_Exercise aim:_ Only the text of the entries below should appear in your exact transcription; leave out every picture.

*** Opening of Record set ***

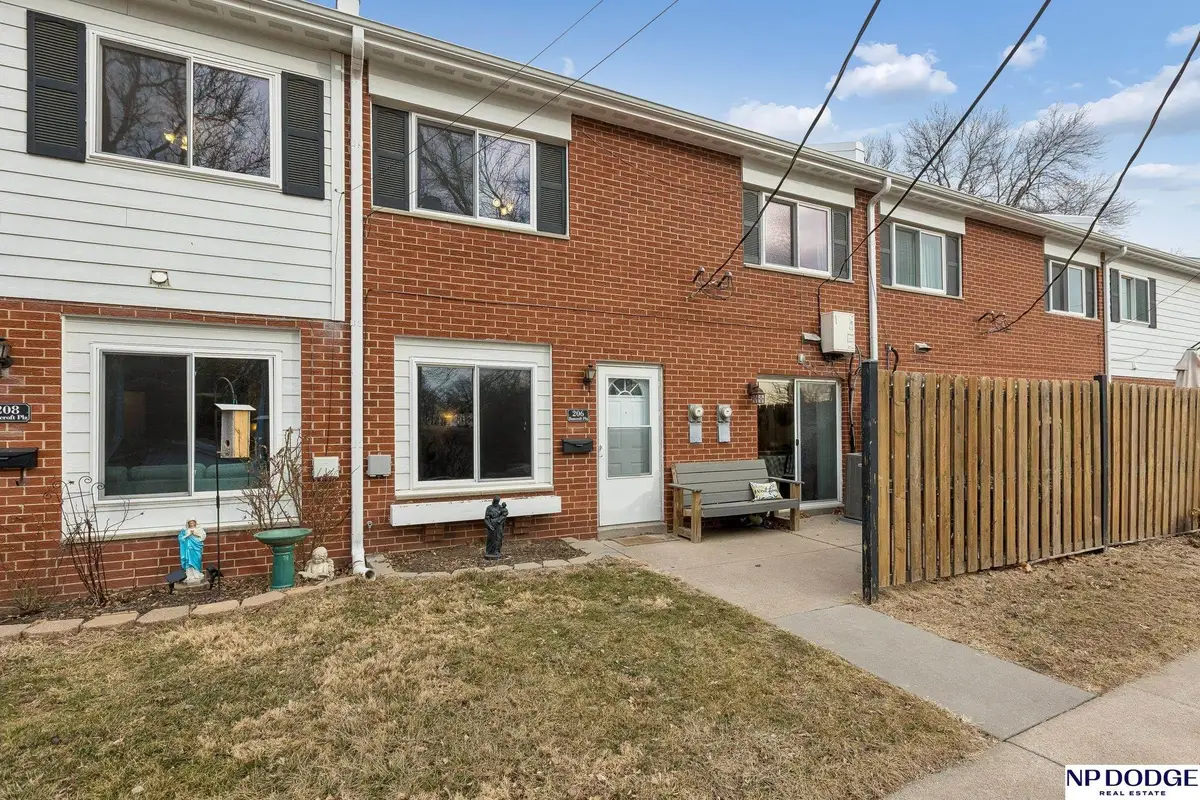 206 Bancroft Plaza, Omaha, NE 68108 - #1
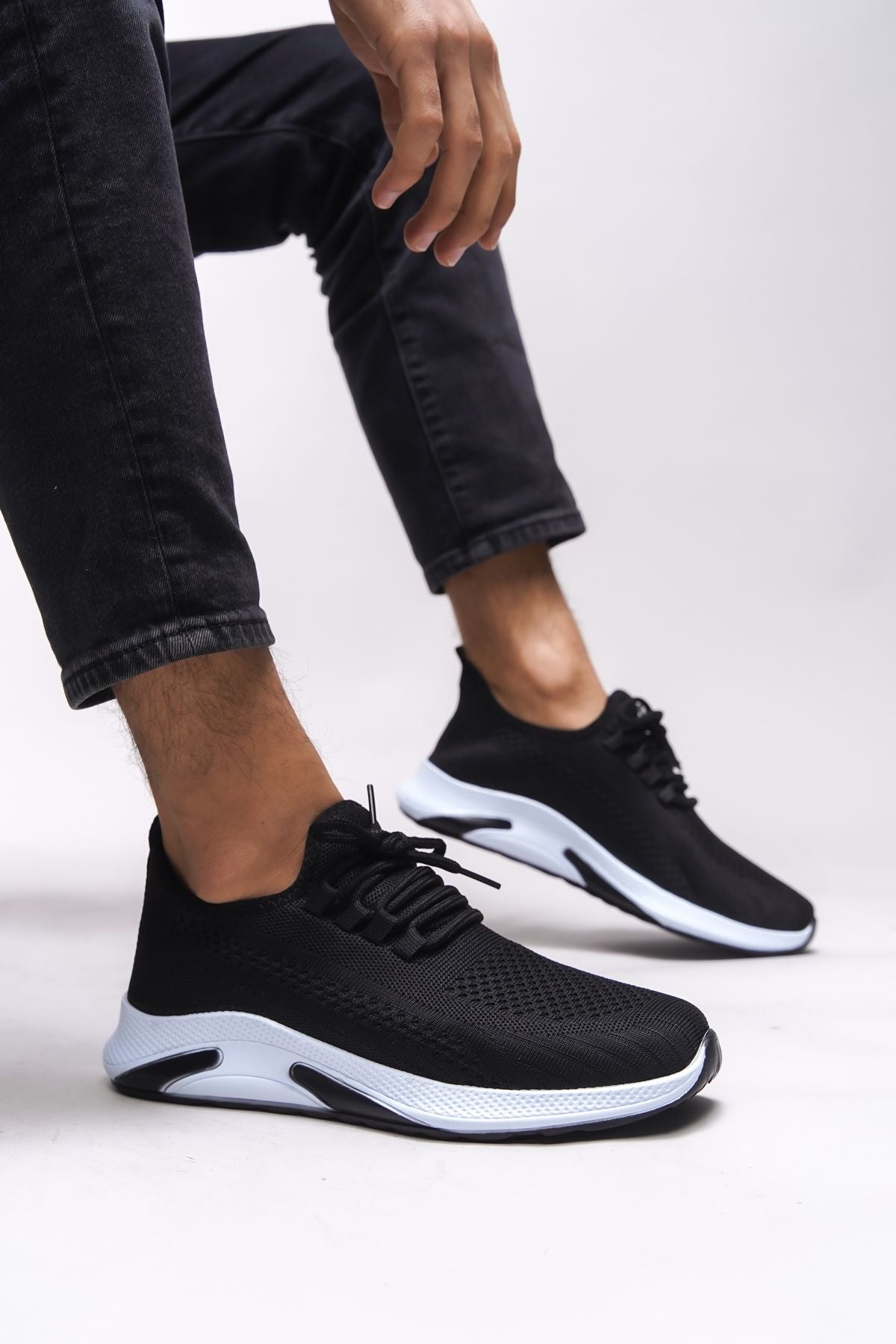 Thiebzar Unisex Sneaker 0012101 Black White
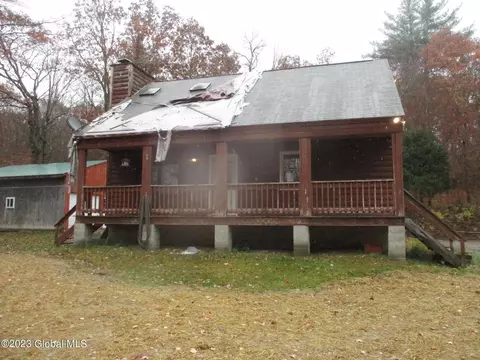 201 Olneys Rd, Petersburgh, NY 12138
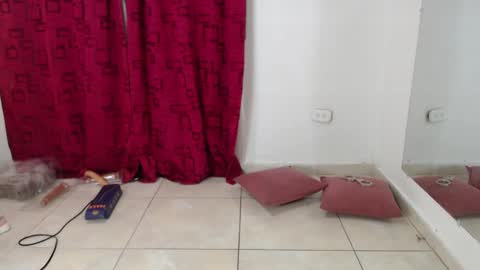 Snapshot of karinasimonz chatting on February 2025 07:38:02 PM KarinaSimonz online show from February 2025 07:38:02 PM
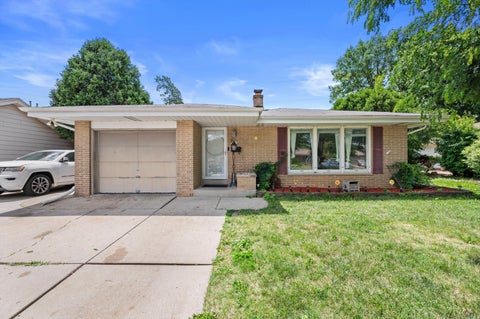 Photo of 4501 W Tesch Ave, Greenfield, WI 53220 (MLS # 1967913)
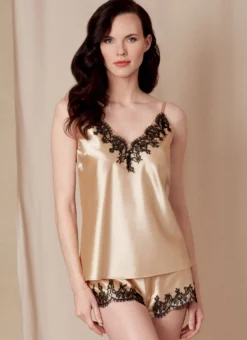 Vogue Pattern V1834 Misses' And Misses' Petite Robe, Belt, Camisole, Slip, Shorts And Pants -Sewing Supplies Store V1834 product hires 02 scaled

*** Close of Record set ***

_Response:_
 206 Bancroft Plaza, Omaha, NE 68108 - #1
 Thiebzar Unisex Sneaker 0012101 Black White
 201 Olneys Rd, Petersburgh, NY 12138
 Snapshot of karinasimonz chatting on February 2025 07:38:02 PM KarinaSimonz online show from February 2025 07:38:02 PM
 Photo of 4501 W Tesch Ave, Greenfield, WI 53220 (MLS # 1967913)
 Vogue Pattern V1834 Misses' And Misses' Petite Robe, Belt, Camisole, Slip, Shorts And Pants -Sewing Supplies Store V1834 product hires 02 scaled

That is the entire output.